#Simple2Go 11: A Universal Person - without add-ons
"A Universal Person" is a dance piece dealing with perception and truth.
It's been a long time since I attended a performance without accessibility add-ons. This way I can better perceive the sounds and energies in the audience and on stage. Otherwise, a description over headphones fills this silence: audio description.
German subtitles are missing for a short time. The dancer speaks rapid English without a microphone. You can't and don't have to understand that. The long text will have a meaning.
The dancer does warm-up exercises. At some point she practices going slowly into pain. No wonder: she twitches and screams as if she had touched a socket in the process.
She fiddles with partitions and disappears behind them. At some point she returns with a towel. She has probably taken a shower.

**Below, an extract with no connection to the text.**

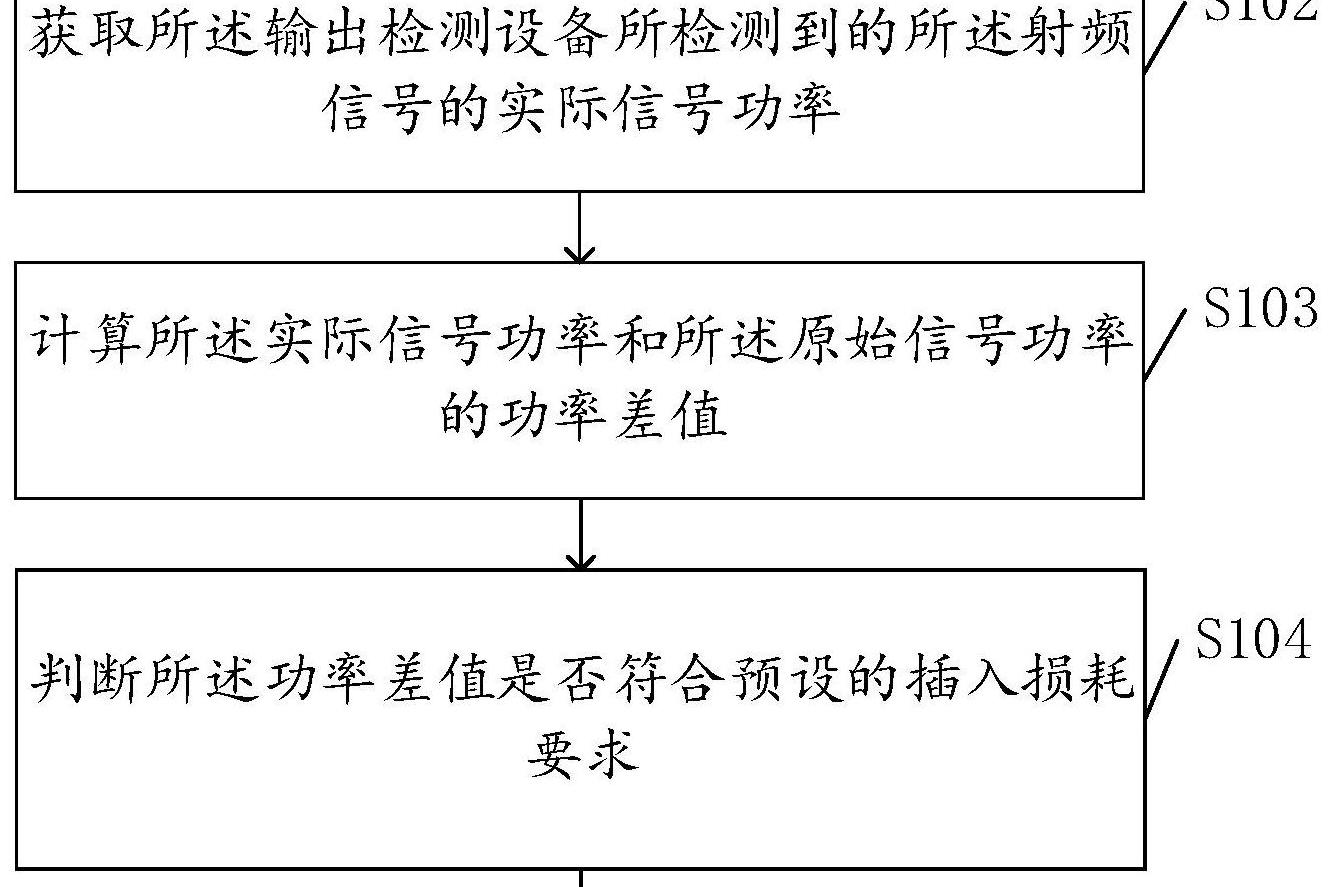 杰赛科技最新资讯(杰赛科技最新资讯新闻)下载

Her monologue has long since become a chant of affirmations: "I love to live, getting my job and doing it well." Her irony turns the encouragements into bad jokes.
Afterwards, she sits in blue light. Maybe she's sunbathing, observing nature. She asks: what is better about animals compared to humans?
The dancer puts her clothes back on at the end, spinning in circles incongruously to the music, as if a music box is being wound up again.
It is unclear to me what the artists want. I only experienced a woman pondering the frustrating pigeonholes of human beauty. Would I be more diplomatic with audio description?